Internal controls are the processes that a company has in place to prevent and detect both errors and fraud. Internal controls are thought of most often in accounting, but they can protect from data breach, inventory or cash theft, and operations errors.
Every company should have some form of internal controls. The controls will vary depending on the nature of the company and the risks of its business processes. The US Mint has very intricate controls that prevent employees from stealing materials, finished product (coins), and equipment. For example the US Mint counts coins produced and searches employees as they exit the production facility. A small landscape business may also have controls to determine that equipment has not been stolen or lost. In this case, each piece of equipment may have a place, and an owner or manager may do a daily or weekly review of the items.
There are two broad types of internal controls: preventative and detective. The names say it all. Preventative controls attempt to prevent fraud and errors before they happen. Detective controls review information to determine if any fraud or errors have occurred.
Preventive Controls
Preventive controls are proactive. They are aimed at discouraging errors and irregularities. Some examples include
- Segregation of Duties: Assigning duties like bill entering and bill paying to two separate employees or departments.

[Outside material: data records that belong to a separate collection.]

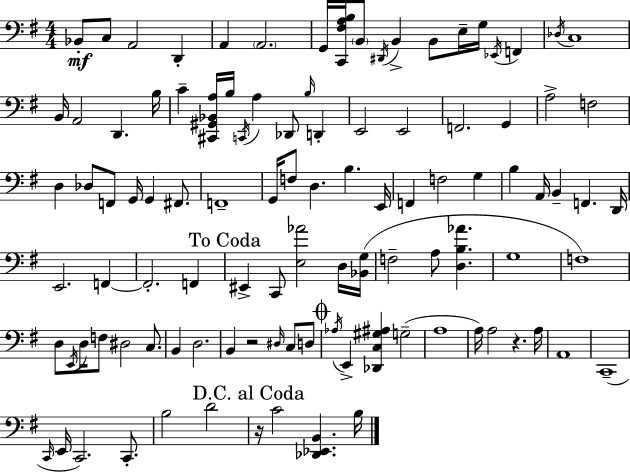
{
  \clef bass
  \numericTimeSignature
  \time 4/4
  \key g \major
  \repeat volta 2 { bes,8-.\mf c8 a,2 d,4-. | a,4 \parenthesize a,2. | g,16 <c, fis a b>16 \parenthesize b,8 \acciaccatura { dis,16 } b,4-> b,8 e16-- g16 \acciaccatura { ees,16 } f,4 | \acciaccatura { des16 } c1 | \break b,16 a,2 d,4. | b16 c'4-- <cis, gis, bes, a>16 b16 \acciaccatura { c,16 } a4 des,8 | \grace { b16 } d,4-. e,2 e,2 | f,2. | \break g,4 a2-> f2 | d4 des8 f,8 g,16 g,4 | fis,8. f,1-- | g,16 f8 d4. b4. | \break e,16 f,4 f2 | g4 b4 a,16 b,4-- f,4. | d,16 e,2. | f,4~~ f,2.-. | \break f,4 \mark "To Coda" eis,4-> c,8 <e aes'>2 | d16 <bes, g>16( f2-- a8 <d b aes'>4. | g1 | f1) | \break d8 \acciaccatura { e,16 } d16 f8 dis2 | c8. b,4 d2. | b,4 r2 | \grace { dis16 } c8 d8 \mark \markup { \musicglyph "scripts.coda" } \acciaccatura { aes16 } e,4-> <des, c gis ais>4 | \break g2--( a1 | a16) a2 | r4. a16 a,1 | c,1--( | \break \grace { c,16 } e,16 c,2.) | c,8.-. b2 | d'2 \mark "D.C. al Coda" r16 c'2 | <des, ees, b,>4. b16 } \bar "|."
}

- Approvals, Authorizations and Verifications: A supervisor’s approval of a purchase, authorization of a new vendor, or verification that an expense is categorized correctly.
- Security of Assets: Both preventive and detective in nature, these controls restrict access to assets like equipment, inventories, securities and cash.
Detective Controls
Whereas preventive controls are designed to discourage errors and irregularities, detective controls are designed to find them after they have occurred. Examples include the following:
- Reconciliations: Bank account and credit card reconciliations are one of the best ways to detect errors. By reconciling accounting data to an outside source, both missed transactions and data entry errors are identified. A bank reconciliation also allows a new set of eyes to review the financial info for any irregular transactions.
- Physical inventories: These are used for entities that carry items for sale, equipment, or cash on hand. The physical count is matched to what financial records show should be on hand.
- Audits: An audit is a comprehensive look at the operation of a business. Most often audits are performed by external parties, but companies can perform full or partial audits internally to double check financial data and business processes.
Often controls are set up in response to an issue. Every business should consider implementing a mix of preventive and detective controls before major issues arise.